Two of the Collaboratory studies will address pain management. The LIRE study, a partnership with the National Institute of Arthritis and Musculoskeletal and Skin Diseases and a number of Health Maintenance Organizations, looks at the impact of more detailed radiology reports for back pain imaging studies on subsequent use of resources. The second partnership, a study called PPACT, which involves a number of Kaiser health systems, with oversight from the National Institute on Drug Abuse and the National Institute of Neurological Disorders and Stroke, will examine the impact of an integrated pain management strategy implemented in primary care practices.

This type of research represents a paradigm shift in clinical research. These trials are rigorous randomized studies, but performed in real-world settings with the practical goal of testing the effectiveness of practical approaches. We at NCCAM, like our colleagues at many other NIH Institutes and Centers, are eagerly watching the progress of the Collaboratory projects, not only because of our involvement, but because we hope the lessons being learned will help us and our grantees move clinical research forward.

Comments

Comments are now closed for this post.

Thanks for sharing, Dr. Briggs.As for the PPACT study, what “integrated pain management” strategies are being utilized and studied?Toward our good health and wellbeing…all the best, John

The more information we record about our lifestyles, medical and alternative treatments, and outcomes in digital medical records, the more opportunity we’ll have to find interventions that work.It will be a new paradigm for health research, but one that will reap huge dividends.

Thank you for this update on complementary medical research.  The concept of pragmatic trials, as you describe it, seems the perfect solution to inform patients and clinicians in order that they may make the best choices between the many alternative and complementary options available.

@John Russo - The integrated pain management strategy that will be used in the Pain Program for Active Coping and Training (PPACT)  is a primary care-based intervention involving the integration of physical therapy and behavioral health. For more information, please see the ClinicalTrials.gov description of PPACT at http://clinicaltrials.gov/show/NCT01888146.

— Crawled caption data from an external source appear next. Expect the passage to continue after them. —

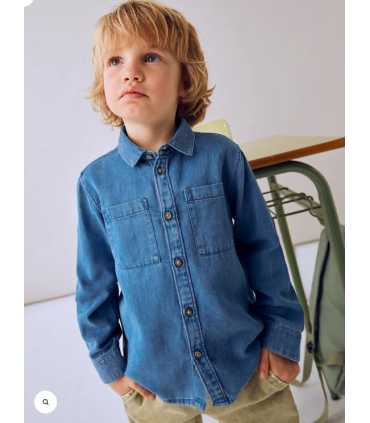 Camisa vaquera niño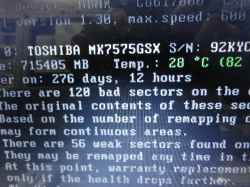 TOSHIBA dynabook T552/47GWのHDD交換-5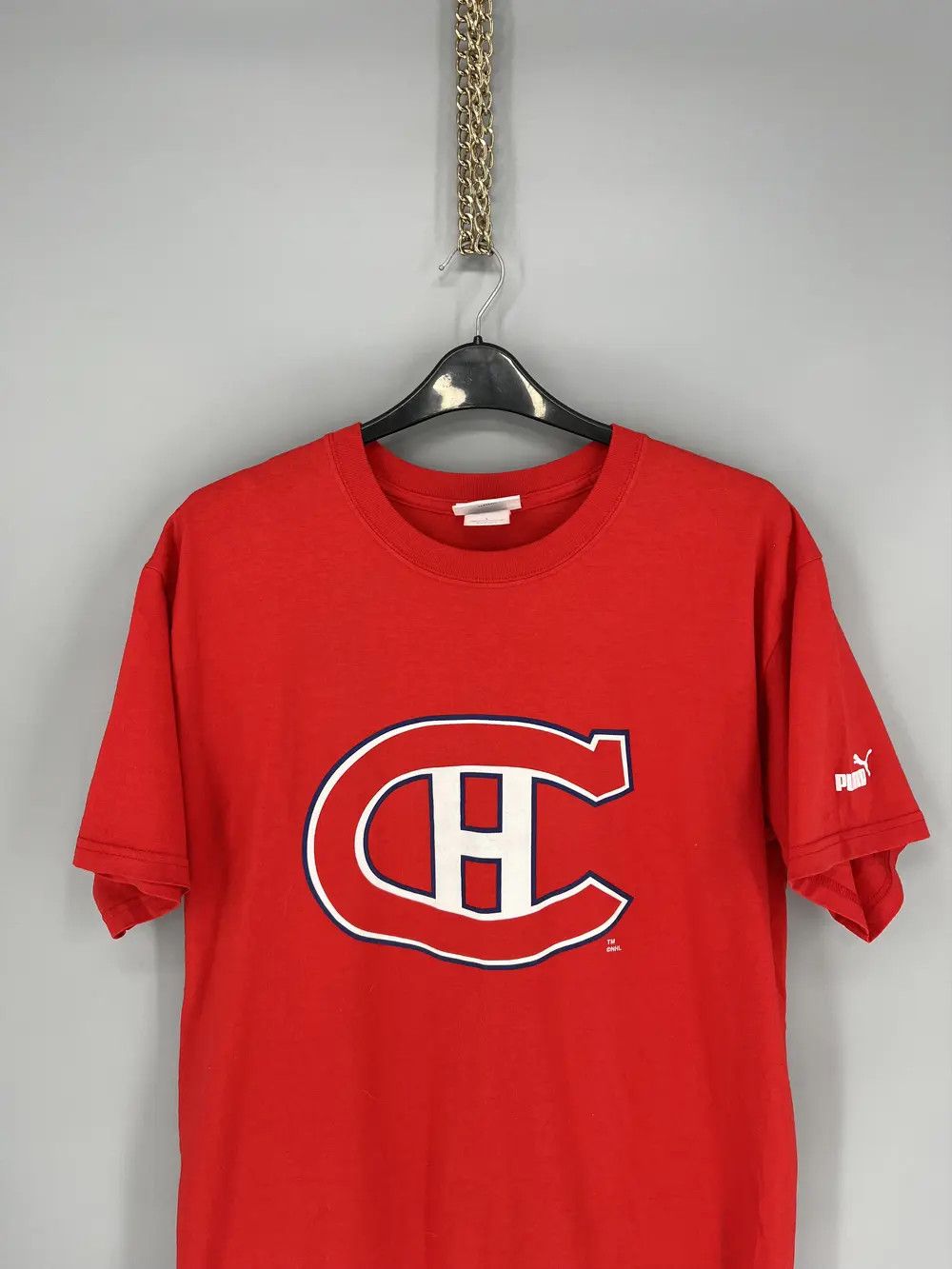 Ccm × NHL × Puma Vintage CCM Montreal Canadiens Jose Theodore NHL Jersey Size US L / EU 52-54 / 3 - 6 Thumbnail
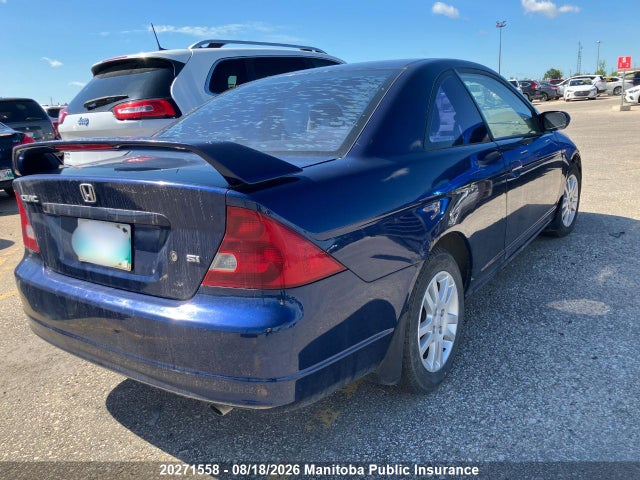 20271558 :رقم المزاد ، 1HGEM21972L800395 vin ، 2002 Honda Civic Si مزاد بيع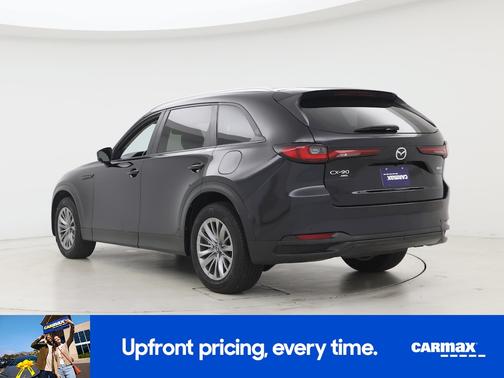 Black 2024 Mazda CX-90 Turbo Select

Forgive me for not having full knowledge in this field, but I’m trying to learn. You state that efficacy studies, which are a step in traditional clinical trials, are undertaken in ideal conditions, with strict monitoring. I assume your trials have strict monitoring also in order to draw clear results, so I come to wonder about the one distinction you have made between research practices - ideal conditions. In my limited understanding drug trial patients receive the tested treatment and then go about their lives in as normal a fashion as their illness will allow. I don’t believe they live in labs like study rats. Can you please clarify what you mean by real world? 

Thank you for the insight about pragmatic trials Dr. Briggs. I was wondering how they compare to clinical trials, and how many patients tested with either procedure will be relevant enough to change the paradigm of practicing alternative medicine over traditional alopathic medicine. Are there any statistics that need to be acomplished in order to proove a particular alternative medicine effectiveness?

While I think the studies mentioned above deserve their funding, how are they either complementary or alternative medicine?  Just like nutrition and exercise, they seem to fall right into standard medical care, whereas the usual CAM (acupuncture, chiropracty, homeopathy / placebo, chi, etc.) fail all well-designed trials as well as lacking scientific and common sense.

I am glad to see a distinction made between what happens in a very controlled enviornment and what happens in the general pubic. This type of information will aide providers and the public in ways that make sense.